Let’s talk about talk. Talk is the sea on which ideas float. In productive dialogue, participants bob up and down in this sea, taking their turns as they share ideas, listen, encourage others to participate, and build on their own and each other’s thoughts.
There is persuasive research evidence about the importance of stimulating classroom talk, including student-to-student talk. The teacher’s role in such talk is to coach, support, and encourage; to prompt for relational thinking that includes analogies, alternative hypotheses, and elaborative clarification.* Students have higher cognitive engagement and increased learning when instruction includes opportunities for them to ask questions, evaluate each other’s contributions, and construct their own meaning.**
Interestingly, students are more likely to use a sentence frame that has been introduced by a peer rather than a teacher.

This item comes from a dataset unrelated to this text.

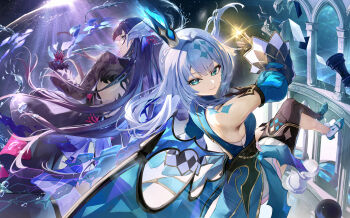 2girls aqua_eyes armpit_crease black_dress black_hair black_shrug blue_dress blue_shoes cerydra_(honkai:_star_rail) chess_piece closed_mouth commentary_request crossed_legs crown detached_sleeves dress fish grey_hair head_ornament highres holding holding_chess_piece honkai:_star_rail honkai_(series) hysilens_(honkai:_star_rail) king_(chess) long_hair looking_at_viewer mini_crown multiple_girls otabaaa queen_(chess) shoes shrug_(clothing) single_thighhigh sleeveless sleeveless_dress smile thighhighs turning_head wings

When a student says something like, “What do you think, ________?” or “I (dis)agree with ____,” the use of these phrases escalates as the discussion continues. Researchers call this the “snowball effect.” Student talk gets bigger and bigger.***
To harness this power, teachers can reduce the time students work alone, increase the time they work with each other, and prompt for the specific types of thinking and talking described above.
In your classroom, school, or district, is there an emphasis on student-to-student talk? What are you doing to make it happen more? This kind of talk time is so good for students! It is also good for grown-up learners!
Now that you’ve thought about increasing student-to-student talk in the classroom, let’s think about increasing peer-to-peer talk among educators, including PLC meetings and coaching conversations. Is there an emphasis on peer-to-peer talk in your school or district? Review the bolded recommendations above. What are you doing to make these things happen during collegial conversations?
Although the research cited above deals with student talk, I feel confident the impact would be mirrored if educators’ talk were studied. Let’s talk about talk! In the classroom or the PLC room, learning increases when it floats on a sea of talk.
**Alexander, R. (2008). Towards Dialogic Teaching: Rethinking Classroom Talk (4th ed.). Dialogos UK Ltd.